Prologue
- Je ne lâcherai pas prise.
Sa propre voix résonnait étrangement à ses oreilles. Rauque et caverneuse. Sans doute à cause de toute l'eau salée qu'elle avalée. Son nez et sa gorge la piquaient comme s'ils avaient été frottés avec de la lessive. Derrière la coque retournée du canot de sauvetage, les vagues dansaient sans discontinuer sur la ligne infinie de l'horizon.
Il aurait pourtant été si facile de se laisser aller.
Ses doigts, rougis par le soleil, étaient agrippés au canot depuis des heures maintenant. Et elle avait réussi à maintenir la tête hors de l'eau. Pendant quelques temps, un homme s'était accroché à l'autre bord du canot - un survivant, comme elle, qui avait pu sauter du steamer juste avant qu'il ne sombre. Il pensait être capable de retourner le canot dans le bon sens une fois que la mer se serait calmée.
Le sort en avait décidé autrement. Une vague plus furieuse que les autres les avait submergés. Quand Emma avait refait surface, l'homme avait disparu. Il n'avait même pas eu le temps de crier avant d'être emporté.
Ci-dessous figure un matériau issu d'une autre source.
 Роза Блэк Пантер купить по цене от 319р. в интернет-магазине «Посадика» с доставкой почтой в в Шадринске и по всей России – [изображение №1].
Autour d'elle, c'était le silence, ou presque, excepté le roulement incessant des vagues. Parfois, un poisson sautait en l'air, mais aucun oiseau n'était là pour s'en repaître - la terre était trop éloignée. Le ciel, d'un bleu immaculé demeurait désespérément vide.
Emma avait les bras à demi engourdis. Et son estomac était douloureux à force d'avoir avalé de l'eau salée qu'elle recrachait en toussant. Mais le pire, c'était la soif.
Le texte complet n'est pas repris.